Sunday Brunch: investing is not just about generating alpha

At it's heart our financial system is really simple. Money flows from savers to spenders. Where this system struggles is when the actions of the spenders impose costs on the wider society that mean that the net return to savers (financial return minus imposed costs) are reduced.

At it's heart our financial system is really simple. Money flows from savers (retail, pension funds, endowments and family offices) to spenders (companies etc who want to invest, hopefully in productive assets). In return the savers get a financial return. One area where this system struggles is when the actions of the spenders impose costs on the wider society that mean that the net return to savers (financial return minus imposed costs) is reduced.

This is the concept behind Universal Owners - savers (ie investors) who hold broadly diversified portfolios. Describing this in financial terms, they are unable to avoid/diversify away these external costs on society, and so regardless of how good their asset managers might be at beating the index, their long term financial returns are diminished. Universal owners need to think about their investments differently, in a way that is alien to how most asset managers currently work. Change is coming.

"we are all Universal owners now" - Dr Ellen Quigley.
"What is the purpose of investing. No, that isn't a trick question" - Lukomnik & Hawley.

If you work in the finance industry your answer to the Lukomnik & Hawley question probably includes phrases like 'risk weighted returns' and 'generating financial alpha' for your clients. But in a way this misses a fundamental point. Investing is also about the real economy, what some people call Main Street (differentiating it from the financial world or Wall Street).

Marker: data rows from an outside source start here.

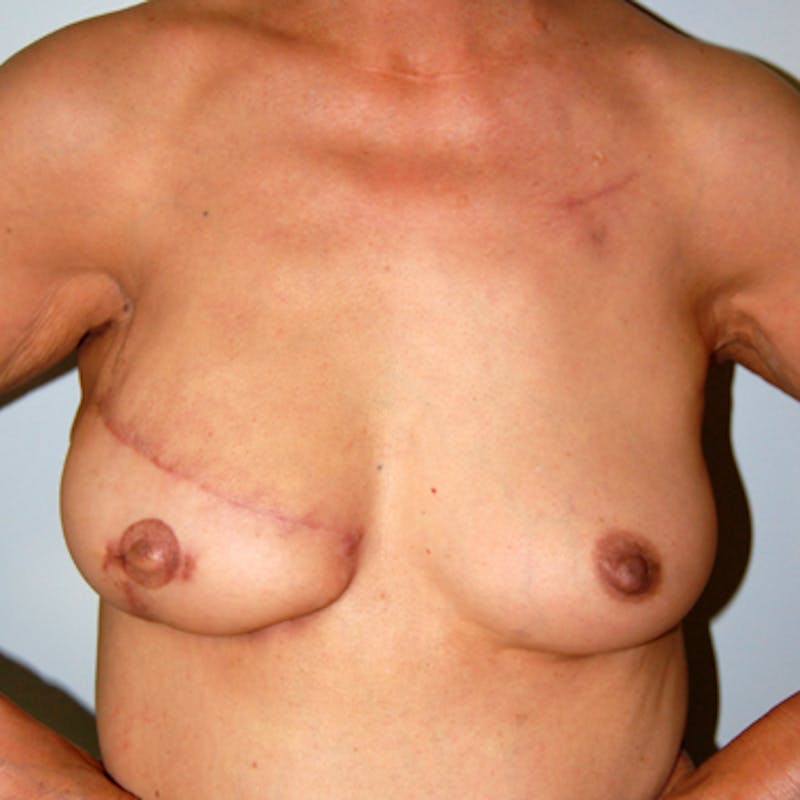 Breast Reconstruction TRAM Before & After Gallery - Patient 649326 - Image 2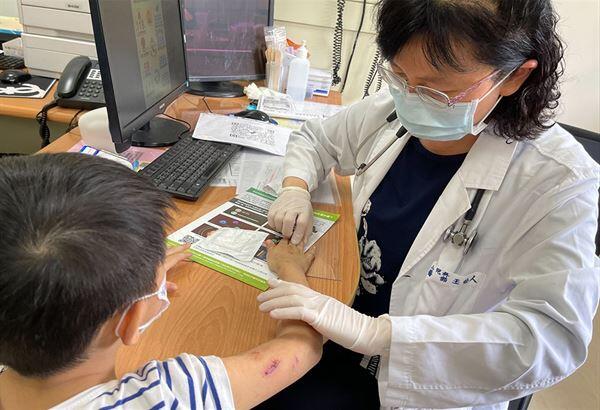 異位性皮膚炎搔癢抓破皮，害細菌感染！補充益生菌、維他命D有助改善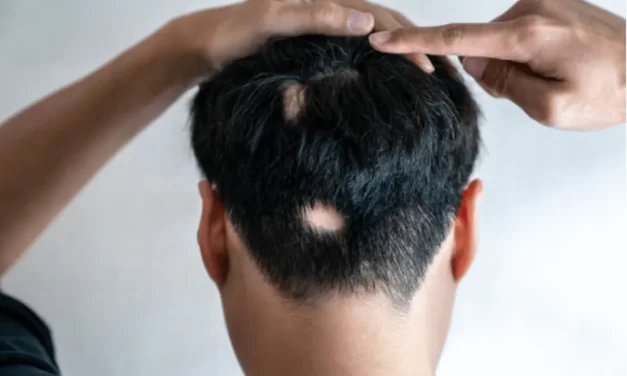 Alopecija – zašto gubitak kose nije samo estetski problem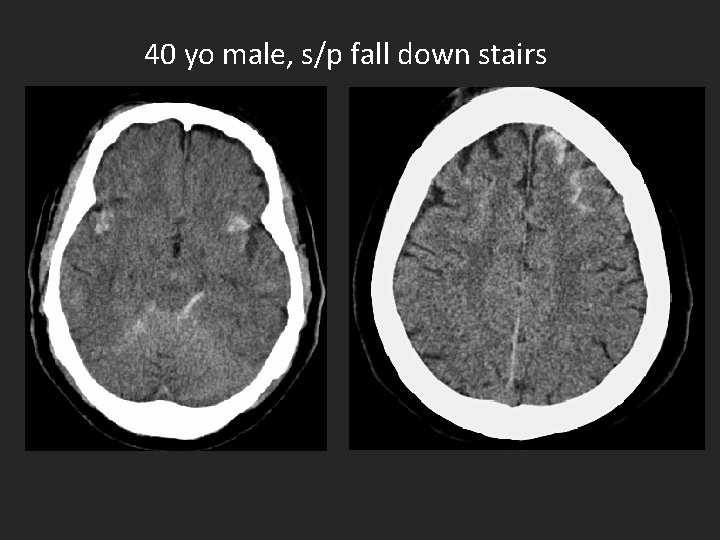 40 yo male, s/p fall down stairs 
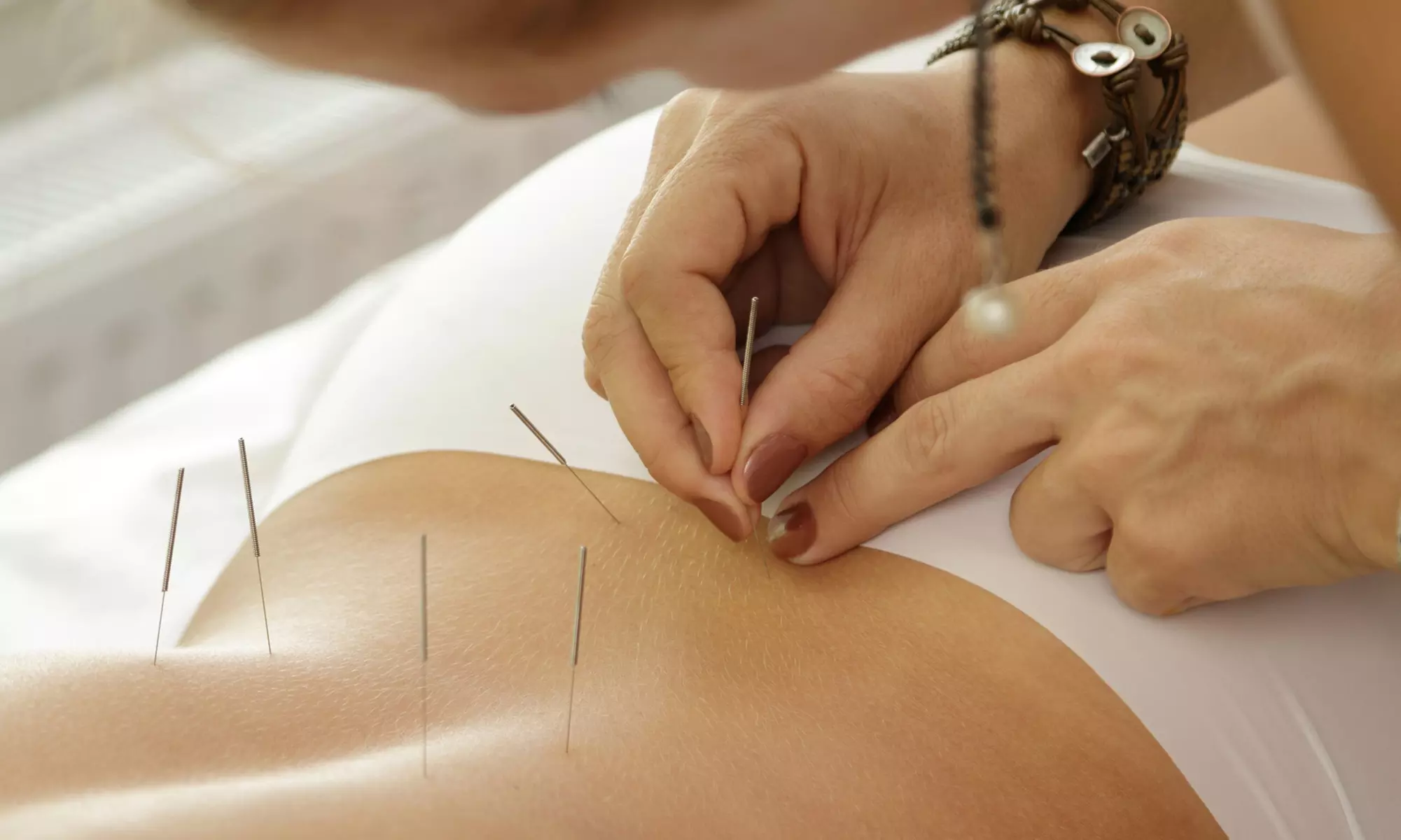 Acupuncture, Electroacupuncture at Aquarius Beauty Spa - Up to 58% Off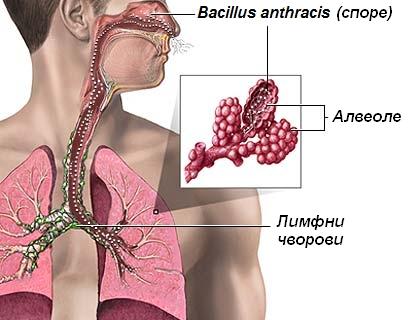 File:Inhalativ qarayara.sr.JPG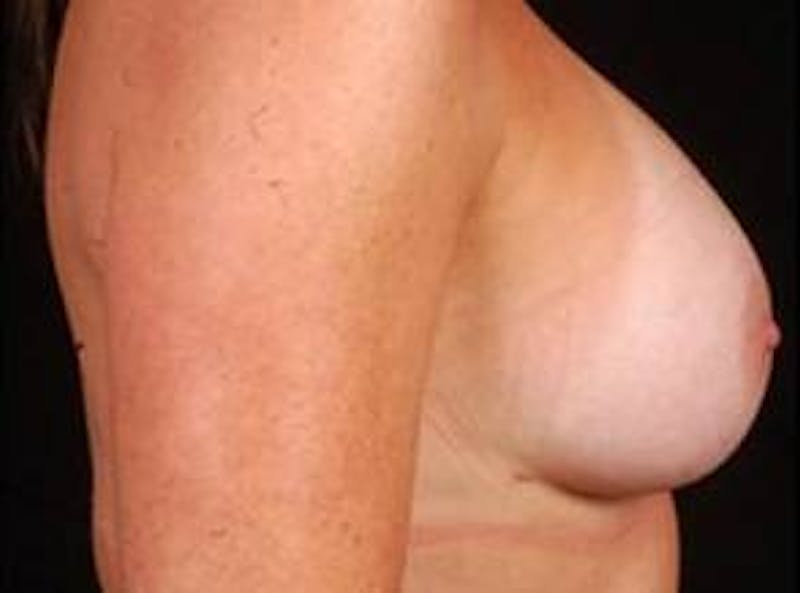 Breast Asymmetry Correction Before & After Gallery - Patient 257121 - Image 6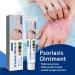 FRTG Dermatitis and eczema cream itching and irritated skin suitable for dry skin eczema and psoriasis caring cream for dry and sensitive skin 1 - Buy Online on GoSupps.com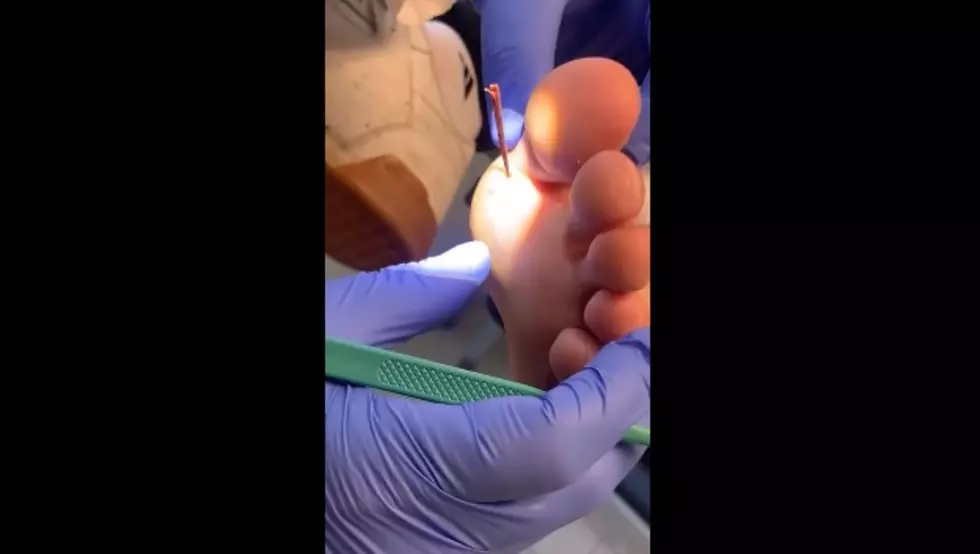 [NSFW] Watch as This GIGANTIC Splinter is Popped Out of a Foot, Oddly Satisfying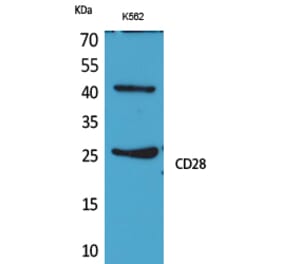 Western blot - CD28 Polyclonal Antibody from Signalway Antibody (41651) - Antibodies.com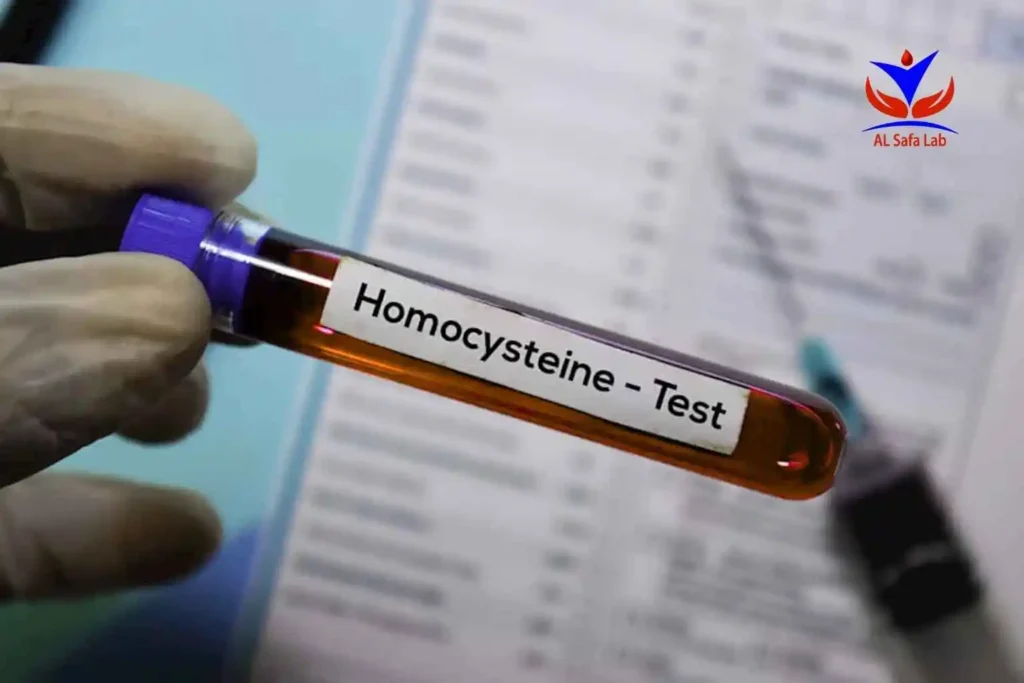 تحليل Homocysteine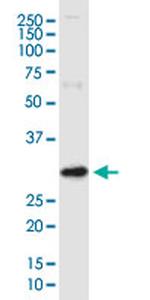 ARV1 Monoclonal Antibody (4G12)
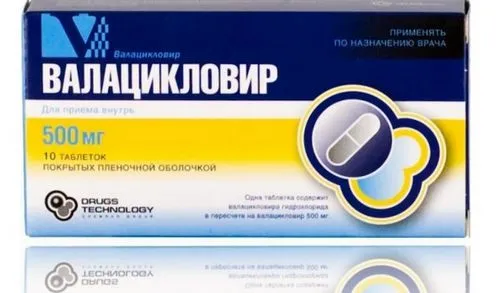 лікування вітрянки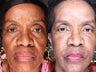 74 Year Old Female Fat Transfer To Face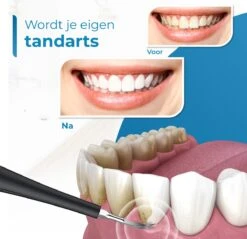 Professionele Tandsteen Verwijderaar - 5 Standen - Inclusief Tandarts Set - Met 3 Opzetstukken - Elektrisch - Tandplak -Verzorgingsproducten 1200x1163 3
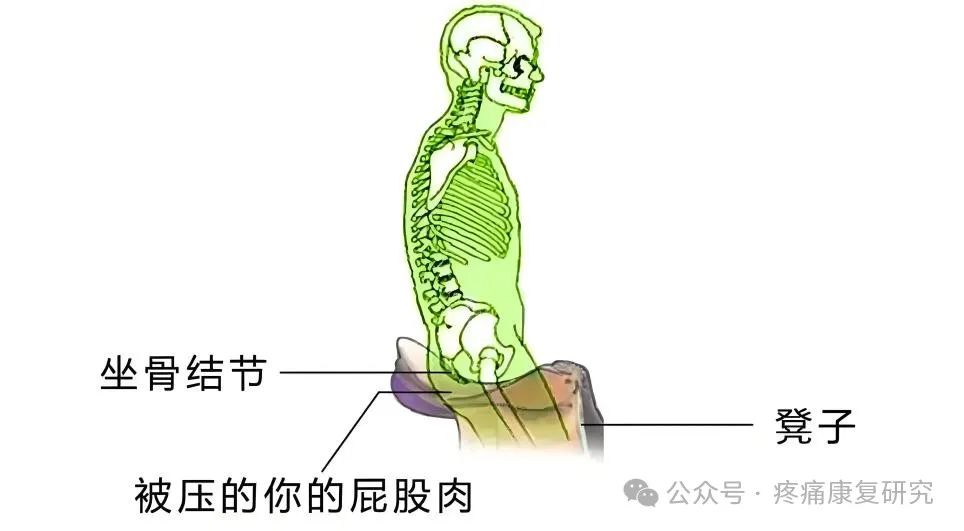 臀部疼痛是咋回事？重点关注这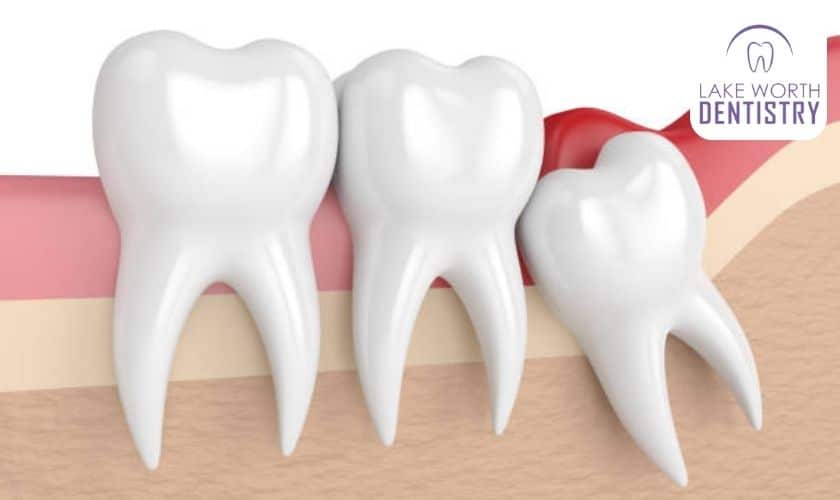 How To Prepare For Multiple Tooth Extraction?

Ignoring for a moment that we live in Main Street, and so it's success directly impacts the quality of our lives', Main Street is also important to our real world financial returns. Studies suggest that over 75% of our financial return comes from the performance of the market as a whole, something financial people call beta. Which means that the skill of our asset manager, who is normally focused on relative outperformance or alpha, is likely to be less important to us than the financial health of the world in which we live, which generates our beta.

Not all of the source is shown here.